Playing on a G920, ABS and TCS on but thinking of trying TCS off to see if that helps.

I mostly haven’t had a problem with it, but it’s possible I’m just unconsciously compensating for it.

E61, E30 and E46 aren’t E92. Idk what the tire pressures are for those BMWs. I merely said that my E92s are set to 35 front / 38 rear per BMW’s recommended spec for north of 100mph. They could probably be lowered for daily application, but I don’t daily my E92s. I also wasn’t saying that these pressures worked for anything other than the E92 M3 GTS in game. I am saying, however, that when I reverse their defaults, I get very usable results.

I find it odd that Turn 10 went through the trouble to build from the ground up and got all of this so wrong.
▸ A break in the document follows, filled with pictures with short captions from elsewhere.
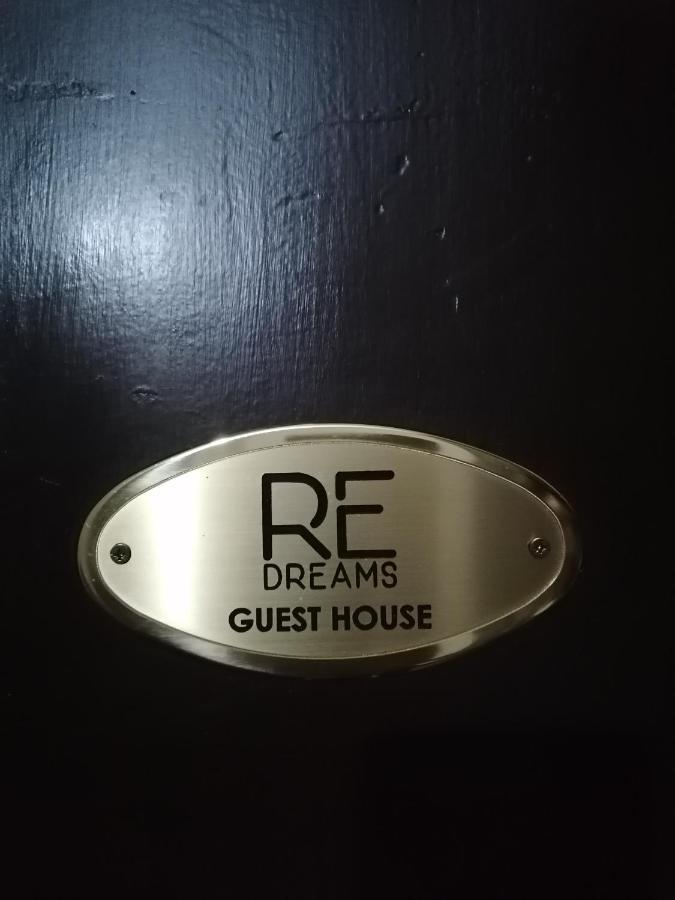 Redreams Hotell Rom Exteriör bild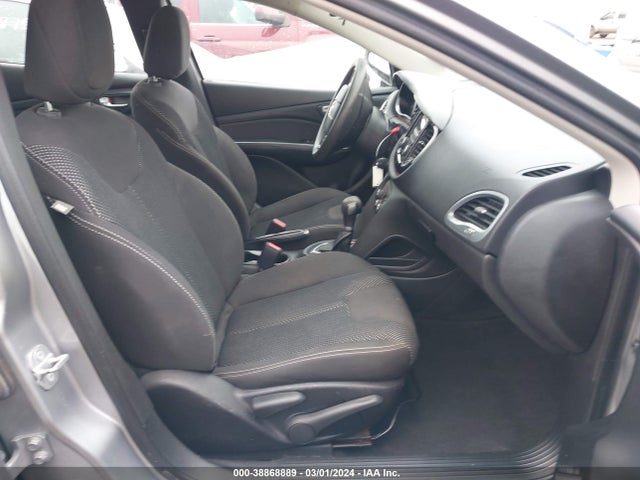 Dodge DART SXT 2015 1C3CDFBB1FD299264 Image 5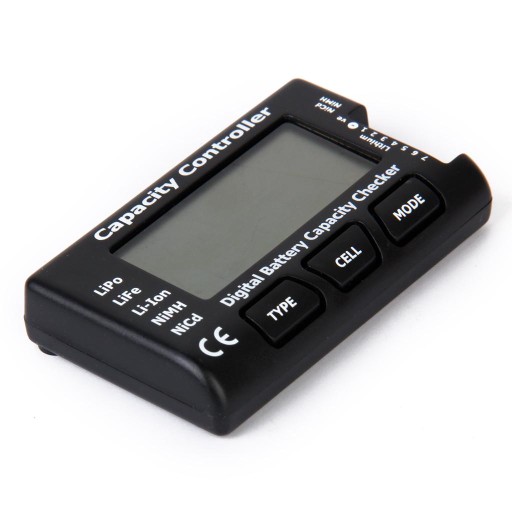 CellMeter-7 Cyfrowy tester pojemności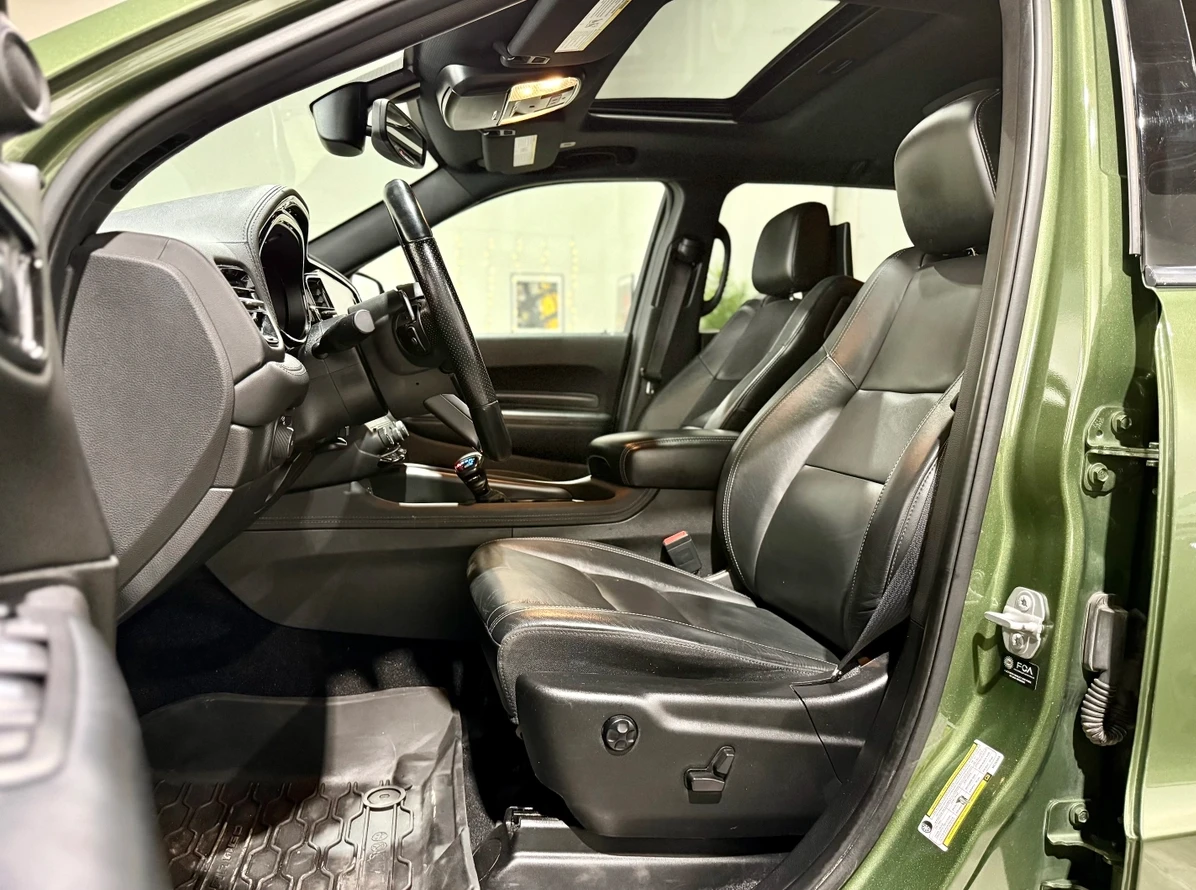 Dodge Durango ﻿GT, снимка 8 - Автомобили и джипове - 55090791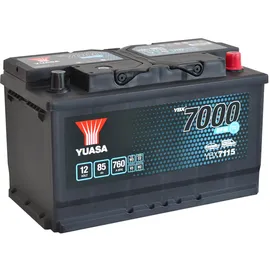 YUASA YBX7115 85Ah 12V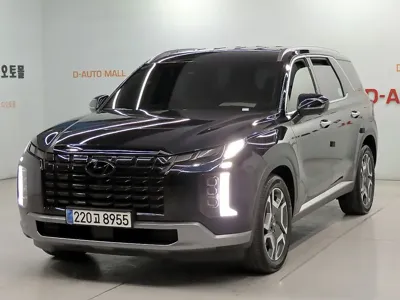 Hyundai Palisade · 2024 год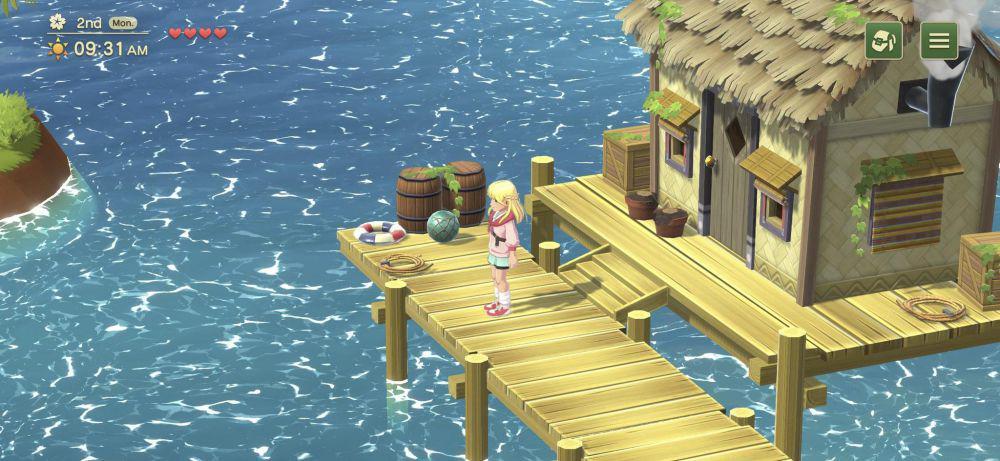 Harvest Moon: Home Sweet Home (dok. Natsume/Harvest Moon: Home Sweet Home)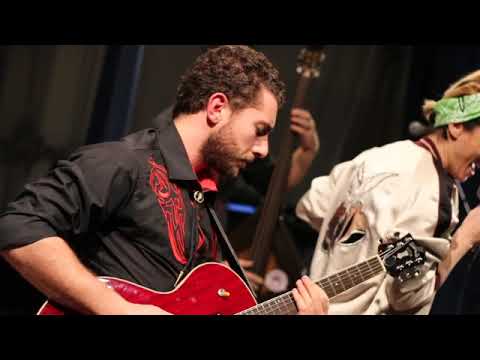 Miki and the red rockets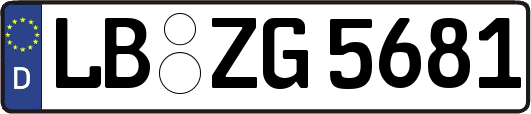 LB-ZG5681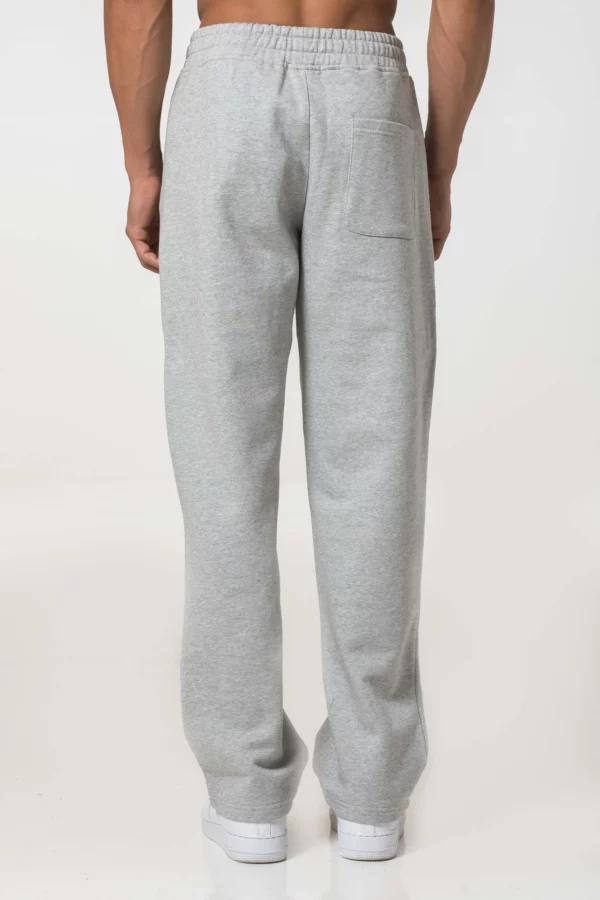 Puff Joggers - Grey - Image 4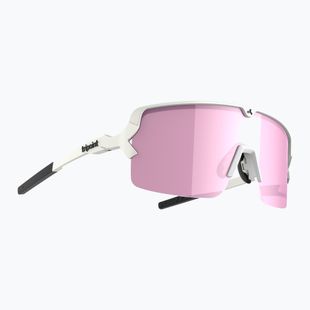 Tripoint 008 Lake Prespa matt metallic white/brown/pink multi sunglasses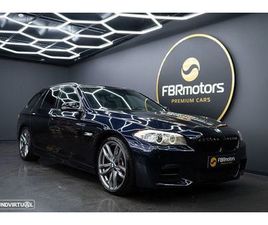 BMW SERIE 5 TOURING M550D XDRIVE BMW M550D XDRIVE TOURING SPORT-AUT.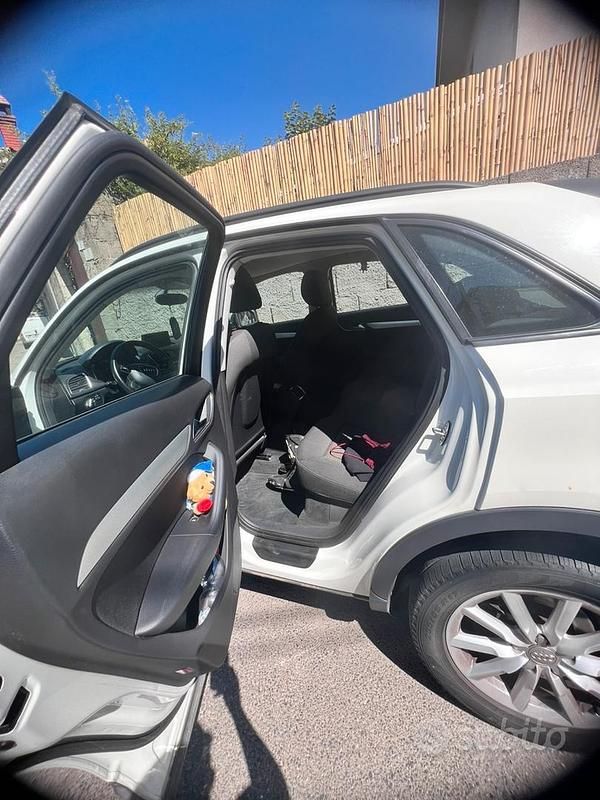 Usata Audi Q3 140 CV (102 kW) 2012 SUV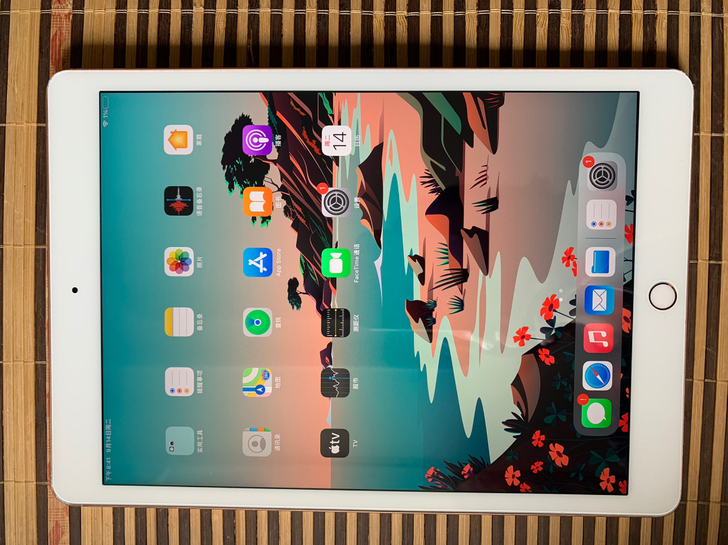 苹果 ipad(2019) 金色128g...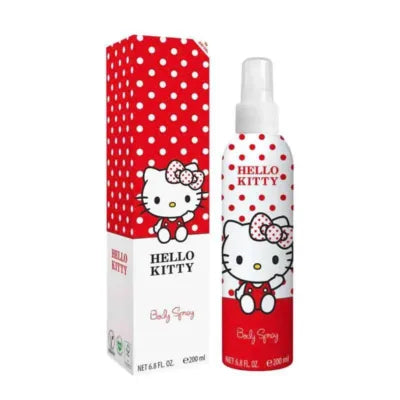 Disney-P005460/hello kitty body spray 200ml (box)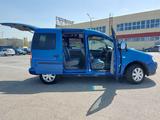 Volkswagen Caddy 2006 года за 4 900 000 тг. в Алматы – фото 3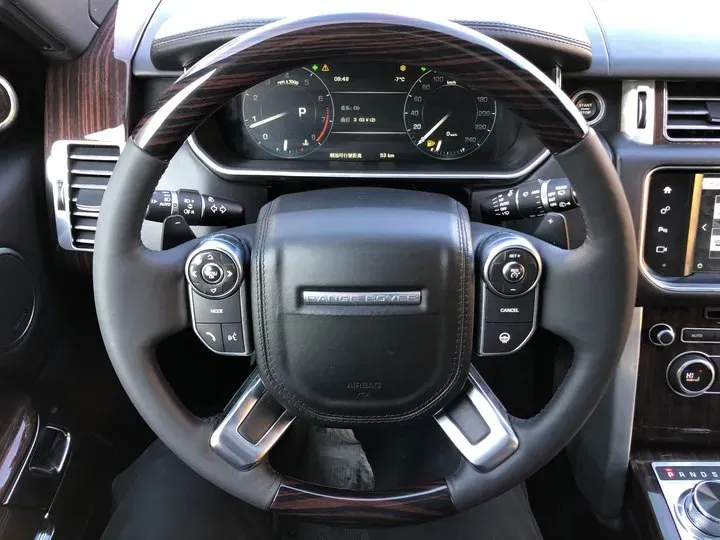 2020 Mansory Range Rover 3.0T 400HP L6 8AT,autocango,china used car exporter,china ev exporter,chinese used car exporter,chinese used ev exporter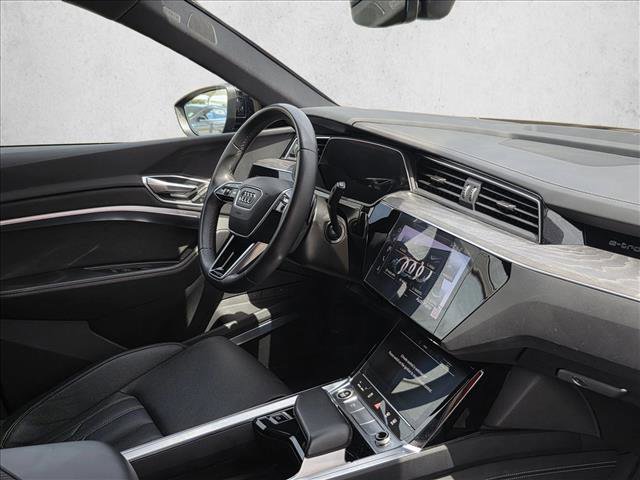 Certified 2023 Audi e-tron Chronos w/ Chronos Package image 11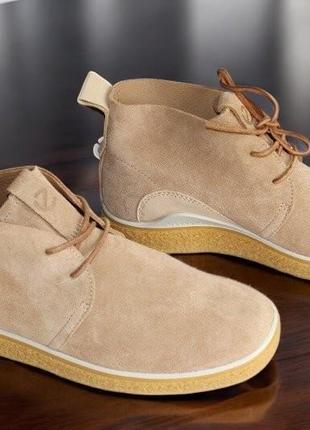 Чоловічі черевики eco crepetray. оригінал. розміри 41,44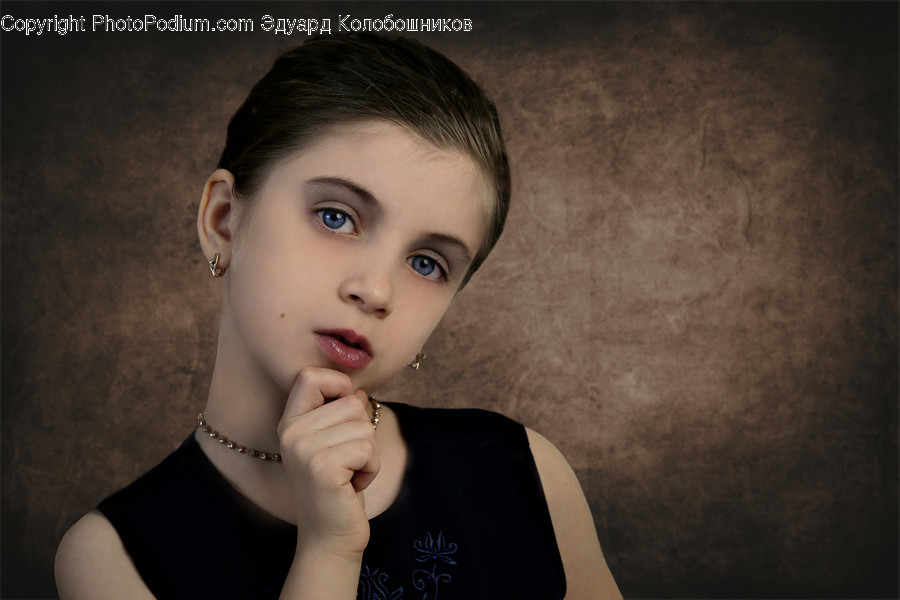 Human, People, Person, Female, Girl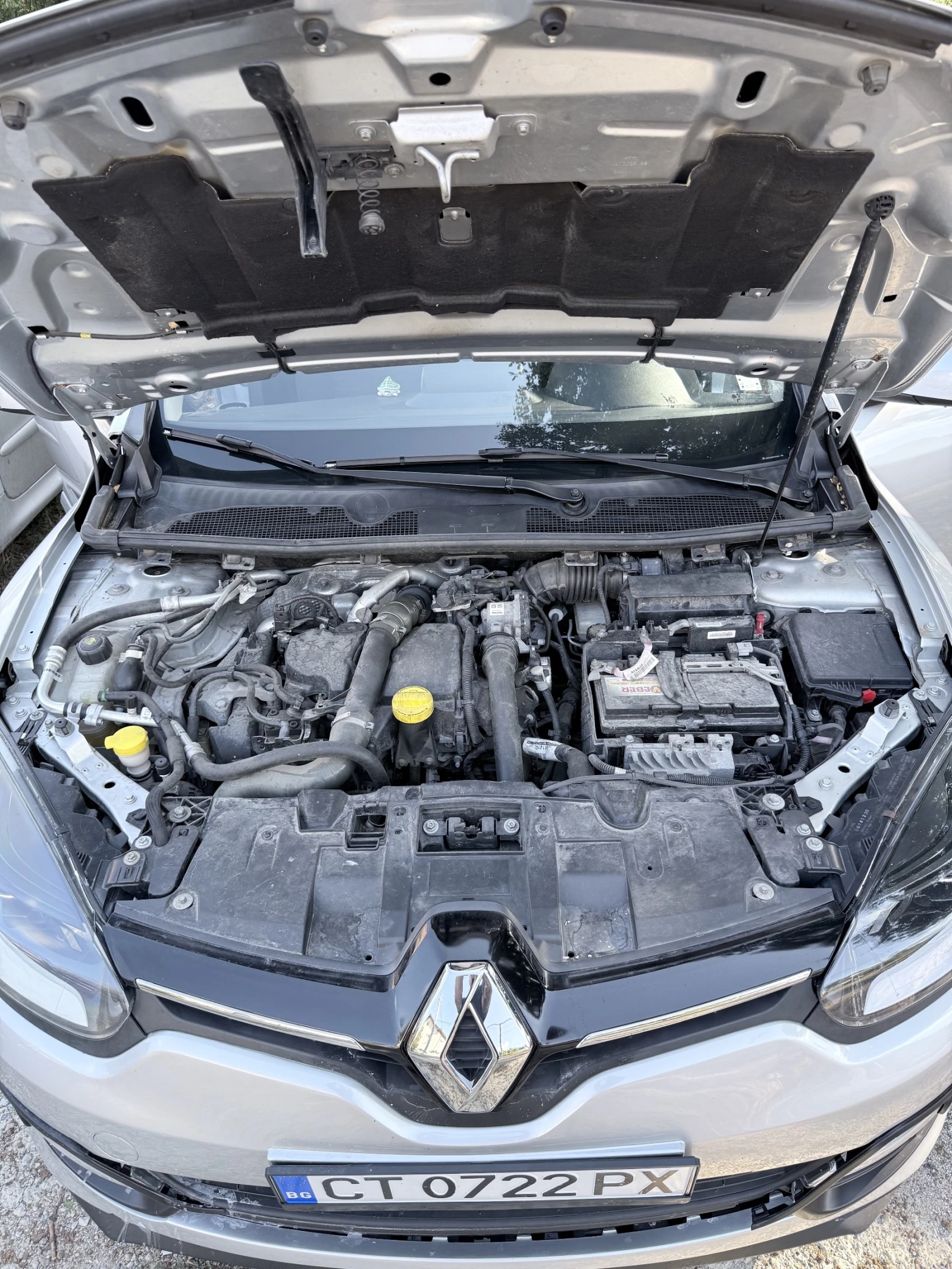 Renault Megane, снимка 14 - Автомобили и джипове - 55925181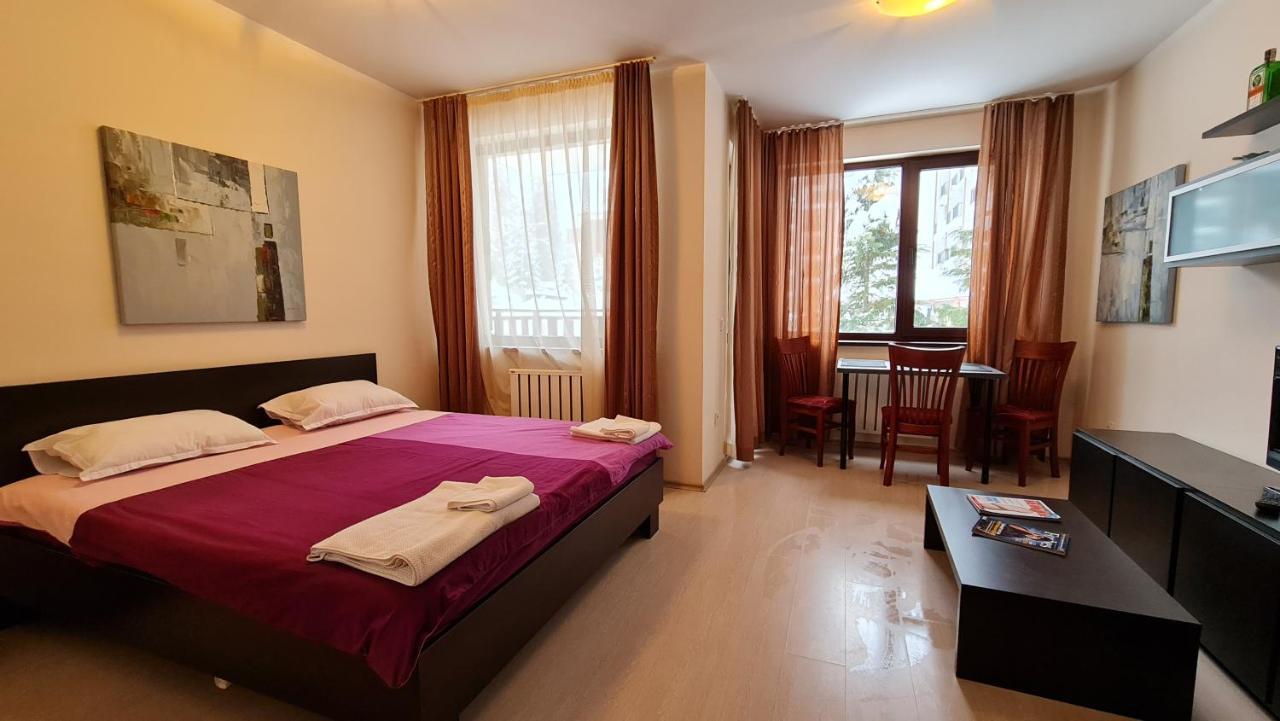 Apartments In Borovets Gardens Apart-Hotel Exterior foto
Why would they do this?

I was doing some testing last night with the Forza Edition Mercedes Coupe and the '84 VW GTI. steering on the Merc was good, visual full lock to lock, but during driving I could only turn my wheel 40 degrees or so before loosing front grip. the GTI was weird, visual turning shows the tires turning at a much slower rate than my wheel. tires visually stopped turning about half rotation of my wheel.
the other thing I noticed, which for me is typical Forza, lack of good sense of speed. it seems like I’m just going too fast into corners, despite the driving line either being yellow or disappeared. this doesn’t explain how the AI can go much faster with the same car around the corners.
Conclusion, this game needs some work. its a good step in the right direction, but some areas do need some attention.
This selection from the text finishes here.